Although the new record has commonality with its predecessors, thematically it’s taking a different route. “I think I’ve moved away from the confessional writing of the first record. I still think that kind of writing is valid; I look back at Margins and I thought what we were doing was something with the vocabulary of an indie record that isn’t an indie record – there’s a lot of melancholy and space on that record that you wouldn’t necessarily get on a Maximo Park album.”

Musically, Diagrams excels in its moments of plaintive splendour; The Beauty Contest with its gorgeous harmonies recalls Low; Lake Burley Griffin lumbers along with the beautiful inertia of post-rock groups like Mogwai and Red Sparowes; counterbalanced by upbeat indie pop tunes like Hollywood Hills, indebted to the likes of the Go-Betweens and The Triffids.
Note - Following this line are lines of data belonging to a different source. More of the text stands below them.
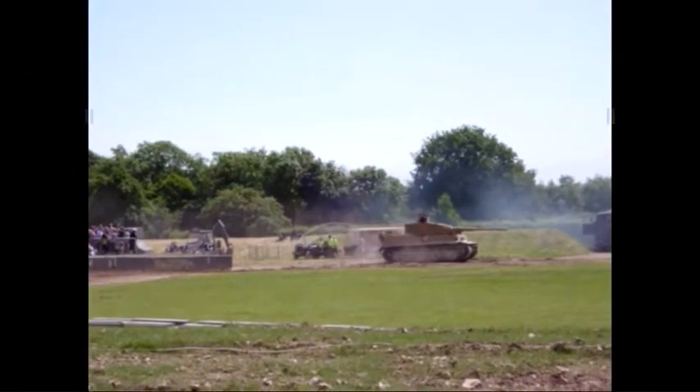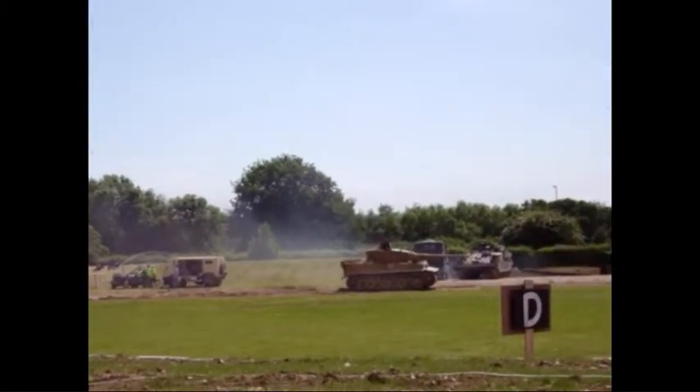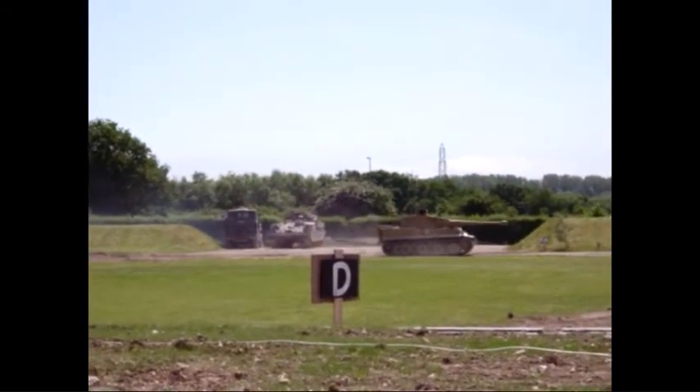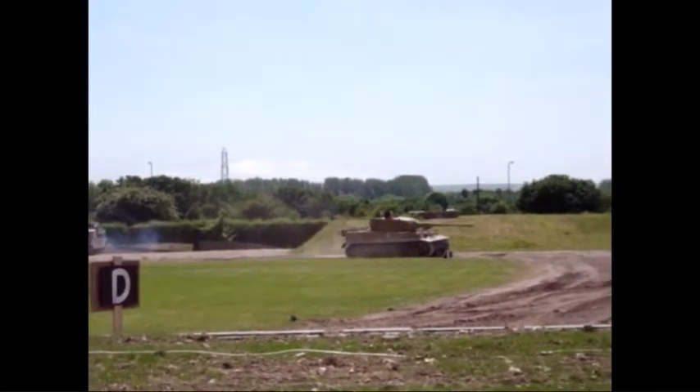On behalf of the Tank Museum, it has restored the Tiger 1 to a virtually original condition. Like the earlier tanks, it's powered by a Maybach V12 petrol engine, driving to an 8-speed pre-selected gearbox at the front.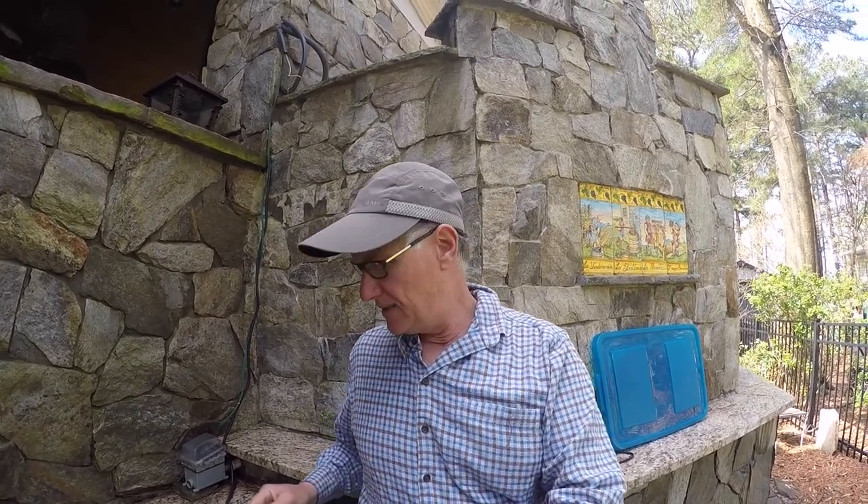Hi everybody, Rich Basil here again. Rivers are blown out today because of a big storm last night, so I figured I'd spend a little bit of time getting things ready for our trip to Alaska that we're planning.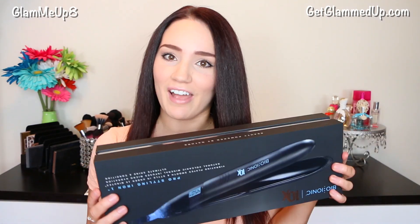Hey everyone, today I'm going to be doing a first impression review on a brand new flat iron that I got. If you guys saw my last video I did all about products that I have recently been testing out, you might have seen me mention this very briefly, but I'm finally doing the first impression review for you guys, so I can't wait to show you what I think about it.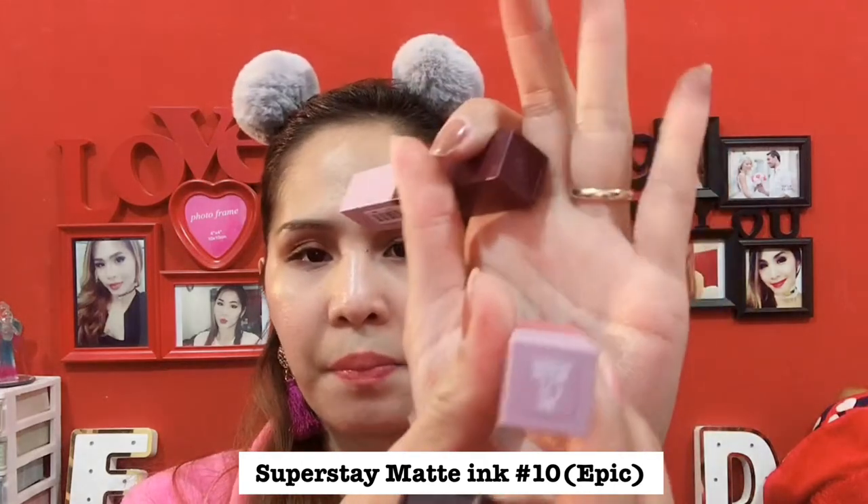They also have lipstick — I think four or five different shades, but I only have three right now. I think the shade I'm missing is like an orange or peach. So this is the Superstay Matte Ink Fierce, number 13. The other one is Matte Ink number 10, Epic. And the other one is number 12, Unstoppable. The smell is almost the same as the regular Superstay, but this one is less sticky — like a mini Superstay but with a lightweight texture.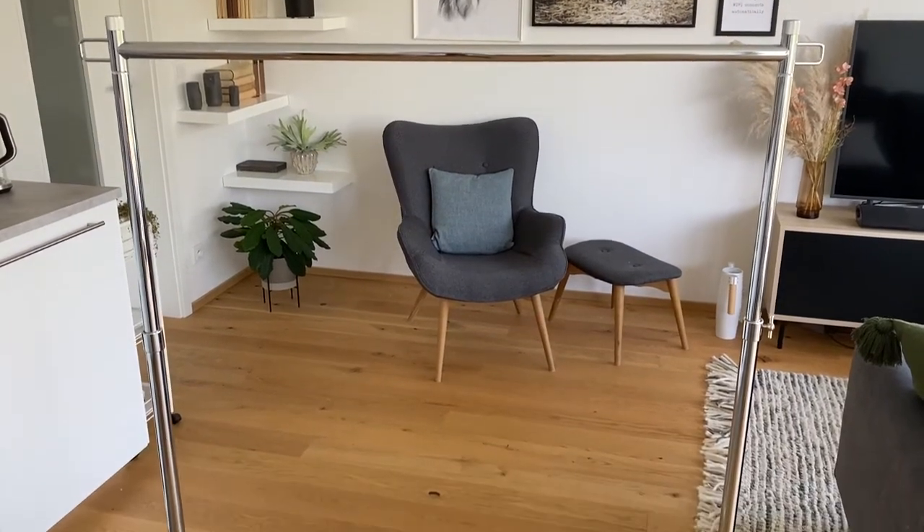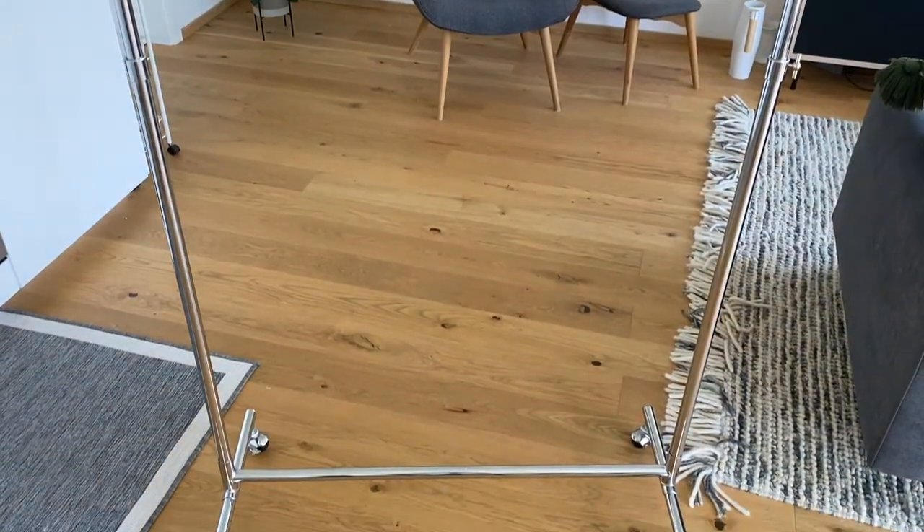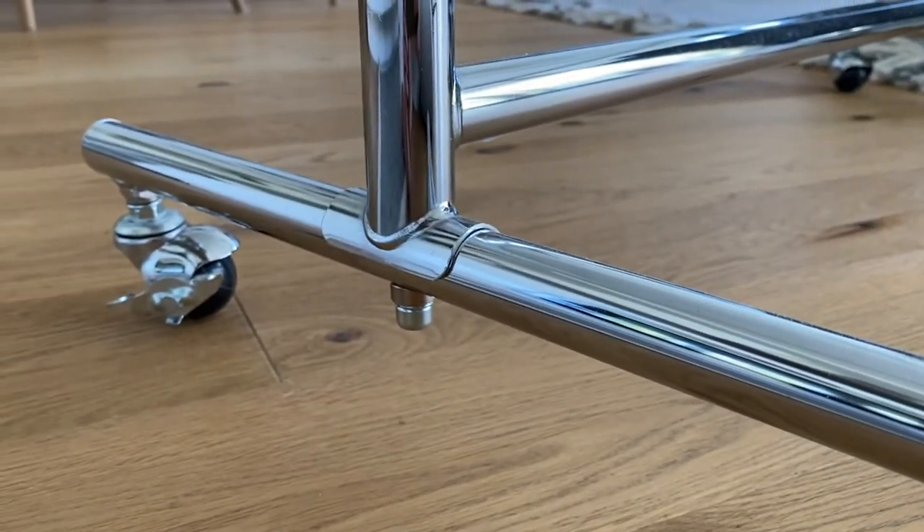I didn't just buy any clothing rack — there are a couple of things very specific to this one. Number one: it's on wheels, and there is nothing at the bottom blocking your feet. I've seen others that have shelves at the bottom, meant for a hallway or entryway, but those would just get in the way. When you're standing close to it working, you want as much room for your feet as possible, and the wheels make it extremely practical to move around.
I like escapism and I’m interested in what’s going on in the world

“I think of the songs on this record as fragments of stories or chapters.” Paul says. “There’s a song on the record, Around And Around, which is really inspired by the American writer Denis Johnson – it’s Middle America, slice of life kind of stuff. A lot of people have asked if it’s about Brexit, but I really just wanted to transpose this kind of narrative thinking ‘What if this was set in Teesside!’. Some of the newer songs are about Brexit, but I’ve tried to make it a little more cryptic – especially as the last Maximo Park album was so unambiguous. Saying that, I don’t think we necessarily need ambiguity at the moment, especially as there’s so much of it in the world with the way things are being sold and reported, experts are being thrown out of the window. I like escapism and I’m interested in what’s going on in the world, I don’t think the two things are mutually exclusive.”

For all of the other things going on in and around it, like most of Paul’s work Diagrams is a deeply romantic record, and romance remains a source of inspiration for him. “Much like The Night I Lost My Head, Hollywood Hills is a silly song about making the wrong moves in life and I think that’s something I keep coming back to.” He also returns to his teenage record collection, which makes for rich inspiration. “Cat Power, Dirty Three, Papa M, Tortoise…the people who really inspired me to play guitar like Jim O’ Rourke, David Grubbs, Martin Carthy; there’s a lot on here which is a love letter to that.”

Paul Smith releases Diagrams via Billingham Records on 26th October. He plays The Waiting Room, Eaglescliffe on Sunday 28th October (returns only) and The Cluny, Newcastle on Saturday 24th November.